題目: 集団内制裁か集団間競争か 〜内集団協力行動基盤の日米比較研究〜

氏名: 堀川 裕生

担当教員: 結城 雅樹


 本研究の目的は、社会的ジレンマ状況における協力行動の心理的基盤が日米で異なることを検証することである。日本における協力行動の心理的基盤とアメリカにおける協力行動の心理的基盤についての予測は、Yuki (2003) から導かれる。Yuki (2003) は、日本人は集団間関係よりも集団内関係を重視し、アメリカ人は集団間競争を重視すると主張している。文化ごとに、このような志向性の差異が生じるのは、それぞれの文化における社会の構造が異なるためであると考えられる。つまり、日本においては、協力行動によって内集団から罰を与えられることを避けることが重要な構造になっており、アメリカにおいては、非協力行動によって集団間の競争に敗れることを避けることが重要な構造になっていると考えられる。そのため、社会的ジレンマ状況において、日本人は集団内の相互監視・相互制裁を想定して協力行動を行うのに対し、アメリカ人は集団間の競争を想定して協力行動を行っている可能性が考えられる。

 以上のことから次の予測を立てた。すなわち、社会的ジレンマ状況において、日本人は集団内の相互監視・相互制裁の想定が取り払われると協力行動をしなくなり、アメリカ人は集団間競争の想定が取り払われると協力行動をしなくなる。

 上記の予測を検証するため、集団間に競争がないことを教示する条件、集団内に相互監視・制裁システムが存在しないことを教示する条件、集団間競争及び集団内システムに言及しない条件の3条件からなる社会的ジレンマゲームを用いて、日米で実験を行った。その結果、日本において、内集団アイデンティティの高い参加者は予測を支持するパタンを示した。つまり、内集団アイデンティティの高い日本人は、集団内相互監視・制裁除去条件においてのみ協力率を下げる傾向にあった。しかし、アメリカではどの条件でも協力率を変化させず、予測を支持する結果は得られなかった。

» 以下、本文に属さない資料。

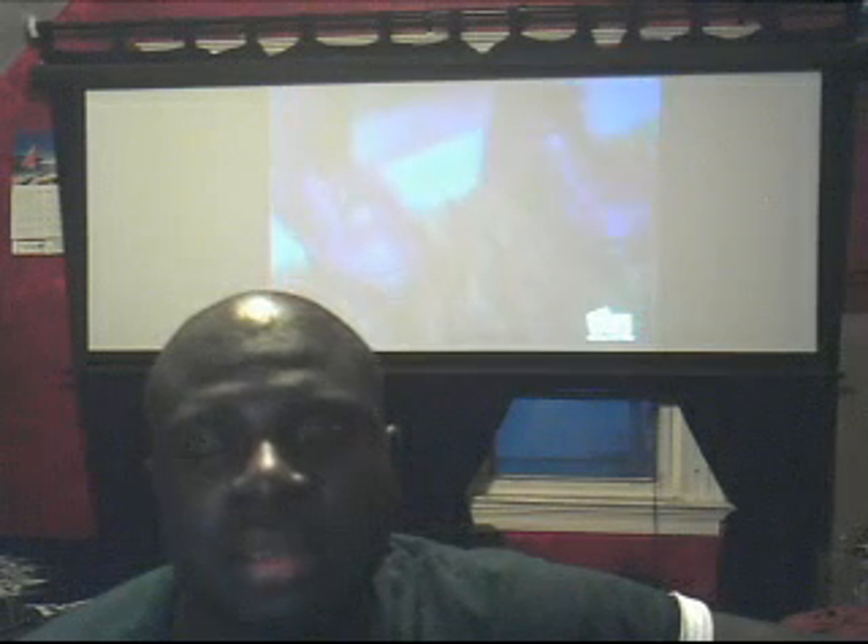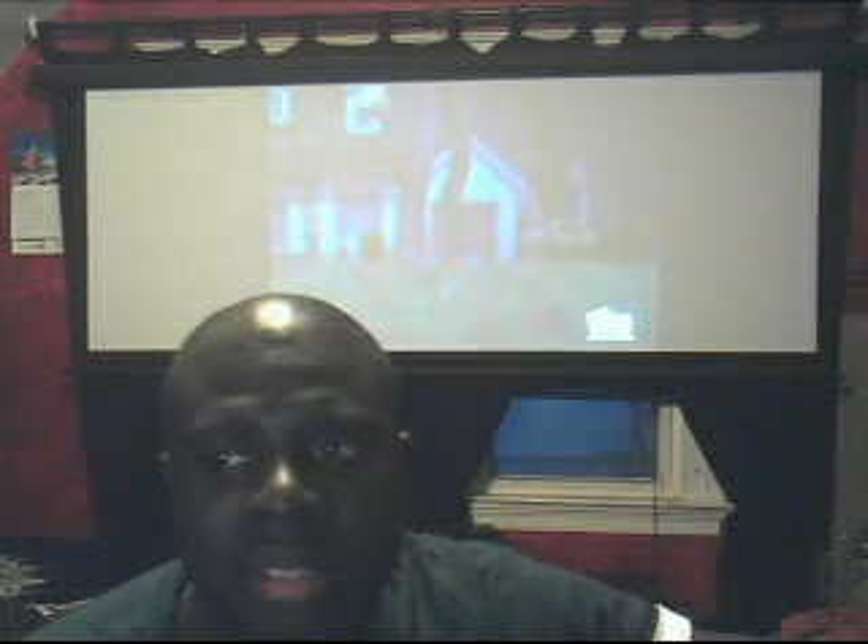This is my projector screen behind me. It actually gets bigger — it goes up to 106 inches and I push the remote control and it goes back up. The projector I'm using is the Epson 720p projector, which shows in high definition. I recommend it and I've never had a problem with it.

 アメリカ人において予測と一貫した行動が見られなかったことについては、以下のような理由が考えられる。すなわち、今回の実験では各集団が3人の成員から構成されていたが、この集団サイズが、アメリカ人にとって想定しやすい集団に比べてサイズが小さ過ぎた可能性がある。このため、アメリカ人にとっては、今回の実験状況を集団状況として理解しにくく、その結果として、集団状況での心理過程も生起しなかった恐れがある。以上のような問題点を踏まえて、今後はより大きな規模の集団を用いるなどの手続きで実験を行い、仮説を再度検証する必要があろう。